A proton and a deuteron with the same initial kinetic energy enter a magnetic field in a direction perpendicular to the direction of the field. The ratio of the radii of the circular trajectories described by them is

• A. $1:2$
  
• B. $1:1$
  
• C. $1:\sqrt{2}$
• D. $1:4$
  

Answer 1

Answer: (C)

$1:\sqrt{2}$

Let the mass of proton be $m$, then the mass of deutron will be $2m$.

Also we know that force in magnetic field is $F=qvB$.

And in the case of circular motion, we have $\frac{m{v}^2}{r}=qvB$.

On further solving we have radius of circular path $r=\frac{mv}{qB}-\left(i\right)$.

Now let $v_1$ and $v_2$ be the respective velocities of the particles.

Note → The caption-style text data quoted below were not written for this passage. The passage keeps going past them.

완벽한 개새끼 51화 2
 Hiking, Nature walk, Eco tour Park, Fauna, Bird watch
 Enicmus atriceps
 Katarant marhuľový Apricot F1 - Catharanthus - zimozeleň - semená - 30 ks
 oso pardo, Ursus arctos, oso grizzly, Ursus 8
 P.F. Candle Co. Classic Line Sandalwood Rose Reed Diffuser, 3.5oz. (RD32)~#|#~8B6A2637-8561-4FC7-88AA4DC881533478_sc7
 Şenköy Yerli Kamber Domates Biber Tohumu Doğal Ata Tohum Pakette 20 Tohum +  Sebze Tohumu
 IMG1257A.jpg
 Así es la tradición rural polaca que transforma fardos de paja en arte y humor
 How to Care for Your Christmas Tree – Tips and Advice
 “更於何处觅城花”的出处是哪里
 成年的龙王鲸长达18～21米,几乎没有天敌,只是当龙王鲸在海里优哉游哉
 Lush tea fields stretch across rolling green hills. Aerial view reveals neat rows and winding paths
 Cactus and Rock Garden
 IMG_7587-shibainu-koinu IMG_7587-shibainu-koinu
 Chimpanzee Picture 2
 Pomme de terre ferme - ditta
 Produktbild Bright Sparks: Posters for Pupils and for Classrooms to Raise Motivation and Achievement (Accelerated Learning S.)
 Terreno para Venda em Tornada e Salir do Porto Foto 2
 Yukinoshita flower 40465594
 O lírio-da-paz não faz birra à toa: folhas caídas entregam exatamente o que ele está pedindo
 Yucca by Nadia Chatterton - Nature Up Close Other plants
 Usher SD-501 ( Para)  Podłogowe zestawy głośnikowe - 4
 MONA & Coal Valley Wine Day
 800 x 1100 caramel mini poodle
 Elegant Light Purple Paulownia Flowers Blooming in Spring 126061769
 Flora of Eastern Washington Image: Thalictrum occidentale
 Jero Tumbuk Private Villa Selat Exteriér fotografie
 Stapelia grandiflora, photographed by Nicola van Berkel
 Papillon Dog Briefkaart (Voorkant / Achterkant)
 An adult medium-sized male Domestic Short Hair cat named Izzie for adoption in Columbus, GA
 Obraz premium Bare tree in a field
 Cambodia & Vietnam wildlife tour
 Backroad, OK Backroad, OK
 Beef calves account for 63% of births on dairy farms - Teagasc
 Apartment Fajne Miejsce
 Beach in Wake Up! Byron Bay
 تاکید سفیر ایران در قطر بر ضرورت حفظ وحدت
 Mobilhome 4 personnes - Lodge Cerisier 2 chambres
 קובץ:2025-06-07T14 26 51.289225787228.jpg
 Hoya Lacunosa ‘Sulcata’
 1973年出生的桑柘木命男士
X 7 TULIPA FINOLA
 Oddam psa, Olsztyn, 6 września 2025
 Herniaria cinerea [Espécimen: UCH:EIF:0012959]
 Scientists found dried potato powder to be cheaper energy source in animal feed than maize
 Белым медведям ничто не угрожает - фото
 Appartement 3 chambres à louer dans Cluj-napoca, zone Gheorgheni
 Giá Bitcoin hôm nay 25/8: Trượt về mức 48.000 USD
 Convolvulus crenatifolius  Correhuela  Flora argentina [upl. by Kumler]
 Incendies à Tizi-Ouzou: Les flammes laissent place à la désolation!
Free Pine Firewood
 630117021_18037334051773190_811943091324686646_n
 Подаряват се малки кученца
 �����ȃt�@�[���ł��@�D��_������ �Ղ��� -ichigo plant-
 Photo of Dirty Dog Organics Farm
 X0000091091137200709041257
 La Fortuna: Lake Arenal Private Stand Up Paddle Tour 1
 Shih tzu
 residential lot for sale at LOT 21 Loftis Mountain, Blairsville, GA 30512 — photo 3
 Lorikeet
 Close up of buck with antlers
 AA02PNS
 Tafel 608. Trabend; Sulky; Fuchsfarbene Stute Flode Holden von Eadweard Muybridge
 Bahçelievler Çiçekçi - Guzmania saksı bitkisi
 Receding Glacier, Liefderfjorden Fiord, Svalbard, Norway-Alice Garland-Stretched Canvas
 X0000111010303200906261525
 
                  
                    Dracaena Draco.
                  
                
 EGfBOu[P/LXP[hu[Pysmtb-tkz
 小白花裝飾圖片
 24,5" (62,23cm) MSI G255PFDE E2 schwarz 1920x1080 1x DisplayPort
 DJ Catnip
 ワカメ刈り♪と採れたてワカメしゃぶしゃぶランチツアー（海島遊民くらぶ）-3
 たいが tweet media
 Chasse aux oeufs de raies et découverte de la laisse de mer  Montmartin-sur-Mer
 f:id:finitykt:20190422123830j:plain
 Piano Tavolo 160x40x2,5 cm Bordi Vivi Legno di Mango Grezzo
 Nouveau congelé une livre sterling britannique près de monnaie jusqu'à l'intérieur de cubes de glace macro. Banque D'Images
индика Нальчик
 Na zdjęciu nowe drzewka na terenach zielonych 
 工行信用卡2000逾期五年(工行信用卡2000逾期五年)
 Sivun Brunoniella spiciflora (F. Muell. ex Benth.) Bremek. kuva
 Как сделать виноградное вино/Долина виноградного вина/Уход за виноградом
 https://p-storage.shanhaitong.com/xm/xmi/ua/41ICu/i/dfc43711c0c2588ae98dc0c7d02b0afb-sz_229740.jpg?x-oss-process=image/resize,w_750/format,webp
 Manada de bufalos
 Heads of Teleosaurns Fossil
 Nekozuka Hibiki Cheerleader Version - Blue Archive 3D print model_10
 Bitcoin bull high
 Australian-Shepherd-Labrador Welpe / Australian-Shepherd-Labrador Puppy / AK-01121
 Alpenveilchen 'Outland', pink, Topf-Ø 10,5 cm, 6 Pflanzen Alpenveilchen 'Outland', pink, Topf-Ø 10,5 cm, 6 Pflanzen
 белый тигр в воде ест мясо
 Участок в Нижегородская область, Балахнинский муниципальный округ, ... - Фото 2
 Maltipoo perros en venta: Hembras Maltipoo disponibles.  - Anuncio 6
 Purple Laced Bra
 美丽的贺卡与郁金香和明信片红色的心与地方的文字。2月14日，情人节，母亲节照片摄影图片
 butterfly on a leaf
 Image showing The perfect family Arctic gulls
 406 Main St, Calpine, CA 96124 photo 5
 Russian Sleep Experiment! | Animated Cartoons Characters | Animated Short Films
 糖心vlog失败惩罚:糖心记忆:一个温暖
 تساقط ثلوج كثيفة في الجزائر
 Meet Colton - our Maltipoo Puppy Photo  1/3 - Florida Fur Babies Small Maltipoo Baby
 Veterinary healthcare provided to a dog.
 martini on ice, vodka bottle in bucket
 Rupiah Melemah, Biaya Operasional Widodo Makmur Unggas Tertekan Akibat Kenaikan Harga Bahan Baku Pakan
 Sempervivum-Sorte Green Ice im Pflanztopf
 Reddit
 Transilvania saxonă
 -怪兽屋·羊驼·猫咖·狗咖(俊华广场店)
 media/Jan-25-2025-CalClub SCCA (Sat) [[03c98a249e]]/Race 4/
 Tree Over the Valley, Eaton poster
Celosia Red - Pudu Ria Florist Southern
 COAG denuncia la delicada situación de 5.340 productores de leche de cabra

Also given that $\frac{m{v}_1^2}{2}=K$ for proton and for deutron we have $\frac{2m{v}_2^2}{2}=K$.

$⟹$ $v_1=\sqrt{\frac{2K}{m}}$ and $v_2=\sqrt{\frac{K}{m}}$

We have $r_1=\frac{m}{qB}\frac{\sqrt{2K}}{\sqrt{m}}$ and $r_2=\frac{2m}{qB}\frac{\sqrt{K}}{\sqrt{m}}$

Dividing both we have $\frac{r_1}{r_2}=\frac{1}{\sqrt{2}}$.